Three key requirements were placed on VSPs under the AVMSD regulations 2020, namely to take appropriate measure to protect minors from content harmful to those under 18; to take appropriate measures to protect the general public from harmful and certain illegal content; and to introduce standards on advertising. I should also like to draw the Committee’s attention to the report from the Secondary Legislation Scrutiny Committee, which considered the SI. I thank it for its work.
I should like to address some of the concerns about jurisdiction before explaining how the SI links to UK policy goals. Under the revised the AVMS directive, currently each EU member state and the UK are only responsible for regulating the VSPs that fall within their respective jurisdiction. The directive sets out technical rules governing when a platform falls within a country’s jurisdiction: there should be a physical presence of a platform, or a group undertaking of the platform in the country. Where there is a physical presence in more than one country, jurisdiction is decided on the basis of factors such as whether the platform is established and whether the platform’s main economic activity is centred in that country. There will be only one country which has jurisdiction for each platform at any one time.
Through the SI we are seeking to maintain the same position for Ofcom’s remit beyond the end of the transition period. The remit allows Ofcom to regulate VSPs established in the UK and additionally regulate platforms that have a physical presence in the UK but not in any other country covered by the AVMS directive. Although Ofcom’s remit will not be extended to include platforms established elsewhere in the EU, we believe that UK users will indirectly benefit from the EU’s regulation platforms under the AVMS directive. The regulation under the regime is systems regulation, and not content regulation. We therefore expect that as platforms based outside of the UK set up and invest in the systems, they comply with the AVMS regulations.
In the absence of the SI, Ofcom would no longer be able to regulate any VSPs, which would result in an unacceptable regulatory gap. Our approach also mitigates the small risk that a VSP offering services to countries covered by the AVMS directive but not in the UK would establish itself in the UK to circumvent EU law. Ofcom will continue to actively engage with its regulatory counter- parts in Europe after the end of the transition period regarding the determination of jurisdiction, co-operation and consistency.
The Government have always been clear that we intend to introduce legislation that will keep people safe online while protecting freedom of expression and recognising the invaluable role of a free press. The regulations align with UK policy goals and commitments to put in place protection for users, while paving the way for the upcoming online harms regulatory regime. Given that the online harms regulatory framework shares broadly the same objectives as the VSP regime, it is the Government’s intention that the regulation of VSPs in the UK will be superseded by the online harms legislation, once the latter comes into force. Further details on the plans for that legislation will be set out in the full Government response to the consultation on the White Paper, which is due to be published later this year, with draft legislation ready in early 2021. I commend the regulations to the Committee.
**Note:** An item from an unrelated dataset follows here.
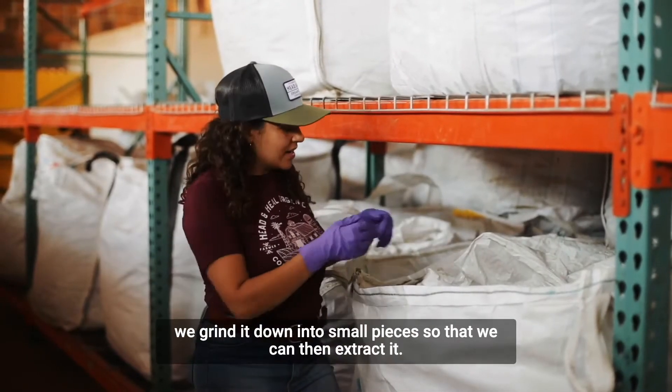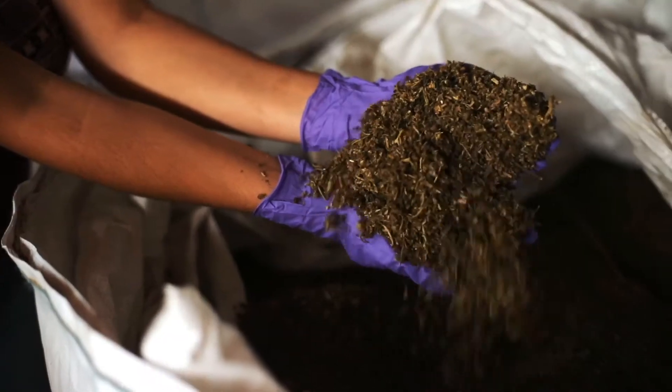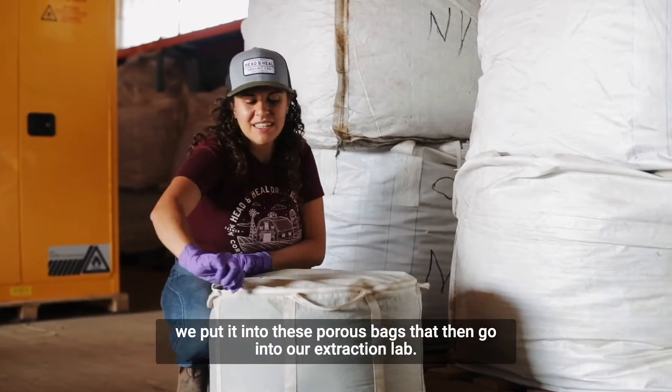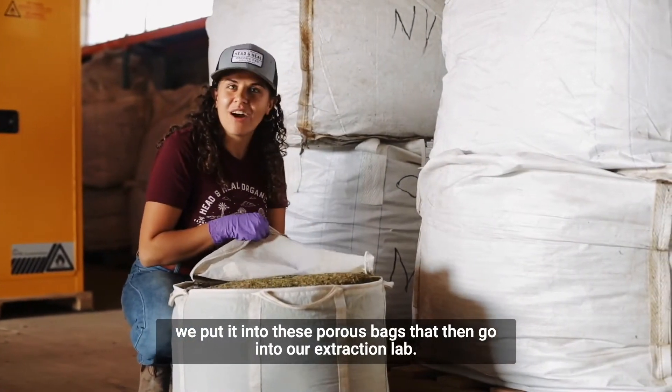After the hemp is dried, we grind it down into small pieces so that we can then extract it. Once the hemp is ground up, we put it into these porous bags that then go into our extraction lab.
It is a pleasure to serve under your chairship, Mr Stringer. I thank the Minister for his opening remarks. I declare an interest; as the Minister is aware, before I entered Parliament, I spent six years working for Ofcom as head of technology. Ofcom had responsibility for regulating broadcast audiovisual services and some responsibility for online audiovisual media services at a time when they were beginning to grow in importance, not always legally it must be said.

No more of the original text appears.